EXERCISE GOAL. Entries follow. Give back exactly the lines starting at the one containing "Estantes de esquina" and ending at the one containing "Un représentant du", and no other lines.
_ _ _ _
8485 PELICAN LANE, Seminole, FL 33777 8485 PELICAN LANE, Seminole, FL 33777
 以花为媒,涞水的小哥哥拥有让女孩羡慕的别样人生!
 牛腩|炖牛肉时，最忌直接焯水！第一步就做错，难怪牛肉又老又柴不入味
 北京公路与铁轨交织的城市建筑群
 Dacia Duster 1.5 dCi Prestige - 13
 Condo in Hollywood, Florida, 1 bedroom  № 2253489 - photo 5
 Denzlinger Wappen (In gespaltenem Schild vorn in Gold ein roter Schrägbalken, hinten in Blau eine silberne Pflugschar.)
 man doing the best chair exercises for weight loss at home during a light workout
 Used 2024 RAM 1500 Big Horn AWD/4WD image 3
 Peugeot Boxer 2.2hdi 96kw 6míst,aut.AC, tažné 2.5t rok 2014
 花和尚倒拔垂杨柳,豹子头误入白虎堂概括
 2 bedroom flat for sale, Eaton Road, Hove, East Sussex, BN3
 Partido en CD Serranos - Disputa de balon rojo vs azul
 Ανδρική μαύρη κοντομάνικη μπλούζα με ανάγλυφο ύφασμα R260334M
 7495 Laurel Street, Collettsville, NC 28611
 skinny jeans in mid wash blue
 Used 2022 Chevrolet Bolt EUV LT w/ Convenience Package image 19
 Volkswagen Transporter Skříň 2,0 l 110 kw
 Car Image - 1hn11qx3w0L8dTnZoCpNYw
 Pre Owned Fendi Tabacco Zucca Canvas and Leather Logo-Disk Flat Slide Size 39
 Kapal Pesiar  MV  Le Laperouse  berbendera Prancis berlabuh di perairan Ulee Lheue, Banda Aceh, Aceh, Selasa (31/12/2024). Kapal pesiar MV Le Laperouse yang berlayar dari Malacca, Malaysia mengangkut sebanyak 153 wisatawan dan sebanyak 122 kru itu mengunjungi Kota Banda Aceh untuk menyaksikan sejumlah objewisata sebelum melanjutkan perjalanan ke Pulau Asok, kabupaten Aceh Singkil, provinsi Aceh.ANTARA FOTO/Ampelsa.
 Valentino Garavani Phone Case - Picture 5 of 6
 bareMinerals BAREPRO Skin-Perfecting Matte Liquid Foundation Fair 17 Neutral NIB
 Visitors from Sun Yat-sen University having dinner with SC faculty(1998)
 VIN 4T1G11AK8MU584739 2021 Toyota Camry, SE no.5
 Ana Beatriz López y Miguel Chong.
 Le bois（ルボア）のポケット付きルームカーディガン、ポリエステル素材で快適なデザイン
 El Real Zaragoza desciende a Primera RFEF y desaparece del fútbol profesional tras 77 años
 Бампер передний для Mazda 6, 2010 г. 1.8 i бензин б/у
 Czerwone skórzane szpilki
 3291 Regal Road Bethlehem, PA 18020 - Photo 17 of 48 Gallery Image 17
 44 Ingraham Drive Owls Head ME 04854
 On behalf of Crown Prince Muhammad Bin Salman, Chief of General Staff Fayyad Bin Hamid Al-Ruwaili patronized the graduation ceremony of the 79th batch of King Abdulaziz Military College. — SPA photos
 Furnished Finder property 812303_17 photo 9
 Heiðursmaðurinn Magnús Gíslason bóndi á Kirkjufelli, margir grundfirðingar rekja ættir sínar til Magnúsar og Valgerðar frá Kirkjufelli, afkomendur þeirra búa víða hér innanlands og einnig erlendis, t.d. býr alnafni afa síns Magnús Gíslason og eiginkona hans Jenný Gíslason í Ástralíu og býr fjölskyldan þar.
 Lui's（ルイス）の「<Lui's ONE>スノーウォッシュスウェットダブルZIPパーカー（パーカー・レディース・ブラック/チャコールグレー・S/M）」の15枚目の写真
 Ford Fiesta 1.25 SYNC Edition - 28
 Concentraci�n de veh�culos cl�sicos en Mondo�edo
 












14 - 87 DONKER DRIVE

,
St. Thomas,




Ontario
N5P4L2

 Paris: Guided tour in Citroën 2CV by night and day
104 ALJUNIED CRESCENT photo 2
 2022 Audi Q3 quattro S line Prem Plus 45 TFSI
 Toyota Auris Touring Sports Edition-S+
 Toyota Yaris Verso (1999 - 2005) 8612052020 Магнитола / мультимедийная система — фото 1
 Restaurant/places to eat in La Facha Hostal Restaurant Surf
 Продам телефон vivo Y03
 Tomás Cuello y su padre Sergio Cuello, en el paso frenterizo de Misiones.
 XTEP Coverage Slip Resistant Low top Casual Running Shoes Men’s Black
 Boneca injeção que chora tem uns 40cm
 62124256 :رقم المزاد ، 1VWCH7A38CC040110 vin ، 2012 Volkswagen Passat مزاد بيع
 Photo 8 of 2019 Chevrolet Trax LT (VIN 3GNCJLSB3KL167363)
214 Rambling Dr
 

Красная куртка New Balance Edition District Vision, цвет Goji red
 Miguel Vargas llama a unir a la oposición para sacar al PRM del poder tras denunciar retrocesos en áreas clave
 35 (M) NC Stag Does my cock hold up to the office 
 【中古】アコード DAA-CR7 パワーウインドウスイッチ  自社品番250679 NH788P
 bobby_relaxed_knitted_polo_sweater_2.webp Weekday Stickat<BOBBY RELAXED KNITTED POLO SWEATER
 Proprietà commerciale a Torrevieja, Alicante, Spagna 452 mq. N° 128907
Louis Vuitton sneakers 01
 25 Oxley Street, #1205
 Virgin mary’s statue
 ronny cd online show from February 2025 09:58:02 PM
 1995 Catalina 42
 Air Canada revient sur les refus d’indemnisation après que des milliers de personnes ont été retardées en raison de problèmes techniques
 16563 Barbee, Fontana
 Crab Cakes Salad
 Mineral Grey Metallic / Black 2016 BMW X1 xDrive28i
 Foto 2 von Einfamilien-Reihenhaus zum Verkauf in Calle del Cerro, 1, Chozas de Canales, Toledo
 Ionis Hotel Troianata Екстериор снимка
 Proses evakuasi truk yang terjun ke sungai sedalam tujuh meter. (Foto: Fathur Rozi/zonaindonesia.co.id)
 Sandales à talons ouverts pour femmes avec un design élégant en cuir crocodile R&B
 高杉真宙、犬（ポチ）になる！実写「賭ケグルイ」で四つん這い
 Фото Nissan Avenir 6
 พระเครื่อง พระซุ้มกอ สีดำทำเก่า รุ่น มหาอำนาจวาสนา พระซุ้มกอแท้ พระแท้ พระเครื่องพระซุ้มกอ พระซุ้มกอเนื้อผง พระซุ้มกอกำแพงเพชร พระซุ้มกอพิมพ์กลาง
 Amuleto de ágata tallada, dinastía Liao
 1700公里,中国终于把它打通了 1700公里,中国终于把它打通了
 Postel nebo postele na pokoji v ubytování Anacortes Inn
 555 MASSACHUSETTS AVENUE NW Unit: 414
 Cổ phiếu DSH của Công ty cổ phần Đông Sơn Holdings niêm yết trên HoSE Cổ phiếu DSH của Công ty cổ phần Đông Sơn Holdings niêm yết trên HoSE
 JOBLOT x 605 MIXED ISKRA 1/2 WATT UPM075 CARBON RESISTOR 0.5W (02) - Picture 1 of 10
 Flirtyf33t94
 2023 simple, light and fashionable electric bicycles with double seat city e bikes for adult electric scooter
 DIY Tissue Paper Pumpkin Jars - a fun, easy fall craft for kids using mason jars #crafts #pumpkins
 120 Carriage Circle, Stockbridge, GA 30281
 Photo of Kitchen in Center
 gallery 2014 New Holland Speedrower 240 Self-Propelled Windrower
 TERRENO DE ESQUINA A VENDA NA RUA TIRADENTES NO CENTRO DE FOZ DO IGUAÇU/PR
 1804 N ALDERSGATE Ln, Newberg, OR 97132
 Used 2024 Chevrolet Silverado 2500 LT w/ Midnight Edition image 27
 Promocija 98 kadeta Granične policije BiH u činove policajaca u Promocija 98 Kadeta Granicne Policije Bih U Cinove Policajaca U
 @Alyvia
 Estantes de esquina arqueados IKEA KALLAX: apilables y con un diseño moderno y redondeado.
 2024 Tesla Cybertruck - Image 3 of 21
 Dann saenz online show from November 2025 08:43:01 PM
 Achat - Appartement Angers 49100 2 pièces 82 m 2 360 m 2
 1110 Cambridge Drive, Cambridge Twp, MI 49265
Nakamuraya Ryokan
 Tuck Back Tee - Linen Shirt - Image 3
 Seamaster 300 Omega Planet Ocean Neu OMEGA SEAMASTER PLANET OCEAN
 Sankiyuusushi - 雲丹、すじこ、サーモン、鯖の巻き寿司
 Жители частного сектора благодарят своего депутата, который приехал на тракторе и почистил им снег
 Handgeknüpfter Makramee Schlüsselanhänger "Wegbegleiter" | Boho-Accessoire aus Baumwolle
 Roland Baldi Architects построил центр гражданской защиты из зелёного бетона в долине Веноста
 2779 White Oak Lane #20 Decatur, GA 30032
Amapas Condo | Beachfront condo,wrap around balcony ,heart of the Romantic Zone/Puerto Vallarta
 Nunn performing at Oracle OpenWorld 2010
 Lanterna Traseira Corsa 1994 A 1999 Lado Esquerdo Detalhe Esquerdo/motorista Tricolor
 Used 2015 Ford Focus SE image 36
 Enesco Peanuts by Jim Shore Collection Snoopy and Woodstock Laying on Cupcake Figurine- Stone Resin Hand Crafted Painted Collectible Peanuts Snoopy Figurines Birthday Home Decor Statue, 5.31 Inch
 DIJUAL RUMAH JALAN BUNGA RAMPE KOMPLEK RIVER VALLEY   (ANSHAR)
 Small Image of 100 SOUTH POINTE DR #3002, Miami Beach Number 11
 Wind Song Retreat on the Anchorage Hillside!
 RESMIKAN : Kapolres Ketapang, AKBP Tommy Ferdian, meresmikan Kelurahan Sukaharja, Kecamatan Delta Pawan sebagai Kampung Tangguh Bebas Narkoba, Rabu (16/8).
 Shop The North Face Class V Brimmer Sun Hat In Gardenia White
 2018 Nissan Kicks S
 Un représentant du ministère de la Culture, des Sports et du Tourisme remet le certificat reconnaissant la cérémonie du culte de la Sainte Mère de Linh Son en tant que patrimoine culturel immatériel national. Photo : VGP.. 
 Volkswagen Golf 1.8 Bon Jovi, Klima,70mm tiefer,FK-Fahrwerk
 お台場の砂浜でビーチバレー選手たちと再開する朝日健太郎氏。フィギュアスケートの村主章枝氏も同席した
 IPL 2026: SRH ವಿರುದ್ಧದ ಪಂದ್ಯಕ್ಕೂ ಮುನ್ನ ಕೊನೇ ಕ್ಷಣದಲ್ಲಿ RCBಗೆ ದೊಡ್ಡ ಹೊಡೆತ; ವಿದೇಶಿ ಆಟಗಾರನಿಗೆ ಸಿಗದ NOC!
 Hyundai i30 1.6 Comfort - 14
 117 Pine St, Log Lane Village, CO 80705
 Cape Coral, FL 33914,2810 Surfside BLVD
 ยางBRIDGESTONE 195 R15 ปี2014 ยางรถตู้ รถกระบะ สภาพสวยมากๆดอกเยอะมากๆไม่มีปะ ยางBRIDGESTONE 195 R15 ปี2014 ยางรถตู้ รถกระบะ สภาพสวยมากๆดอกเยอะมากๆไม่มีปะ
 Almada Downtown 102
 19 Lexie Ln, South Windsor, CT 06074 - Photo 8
_ _ _ _
OUTPUT FOR THIS EXERCISE.
 Estantes de esquina arqueados IKEA KALLAX: apilables y con un diseño moderno y redondeado.
 2024 Tesla Cybertruck - Image 3 of 21
 Dann saenz online show from November 2025 08:43:01 PM
 Achat - Appartement Angers 49100 2 pièces 82 m 2 360 m 2
 1110 Cambridge Drive, Cambridge Twp, MI 49265
Nakamuraya Ryokan
 Tuck Back Tee - Linen Shirt - Image 3
 Seamaster 300 Omega Planet Ocean Neu OMEGA SEAMASTER PLANET OCEAN
 Sankiyuusushi - 雲丹、すじこ、サーモン、鯖の巻き寿司
 Жители частного сектора благодарят своего депутата, который приехал на тракторе и почистил им снег
 Handgeknüpfter Makramee Schlüsselanhänger "Wegbegleiter" | Boho-Accessoire aus Baumwolle
 Roland Baldi Architects построил центр гражданской защиты из зелёного бетона в долине Веноста
 2779 White Oak Lane #20 Decatur, GA 30032
Amapas Condo | Beachfront condo,wrap around balcony ,heart of the Romantic Zone/Puerto Vallarta
 Nunn performing at Oracle OpenWorld 2010
 Lanterna Traseira Corsa 1994 A 1999 Lado Esquerdo Detalhe Esquerdo/motorista Tricolor
 Used 2015 Ford Focus SE image 36
 Enesco Peanuts by Jim Shore Collection Snoopy and Woodstock Laying on Cupcake Figurine- Stone Resin Hand Crafted Painted Collectible Peanuts Snoopy Figurines Birthday Home Decor Statue, 5.31 Inch
 DIJUAL RUMAH JALAN BUNGA RAMPE KOMPLEK RIVER VALLEY   (ANSHAR)
 Small Image of 100 SOUTH POINTE DR #3002, Miami Beach Number 11
 Wind Song Retreat on the Anchorage Hillside!
 RESMIKAN : Kapolres Ketapang, AKBP Tommy Ferdian, meresmikan Kelurahan Sukaharja, Kecamatan Delta Pawan sebagai Kampung Tangguh Bebas Narkoba, Rabu (16/8).
 Shop The North Face Class V Brimmer Sun Hat In Gardenia White
 2018 Nissan Kicks S
 Un représentant du ministère de la Culture, des Sports et du Tourisme remet le certificat reconnaissant la cérémonie du culte de la Sainte Mère de Linh Son en tant que patrimoine culturel immatériel national. Photo : VGP.. 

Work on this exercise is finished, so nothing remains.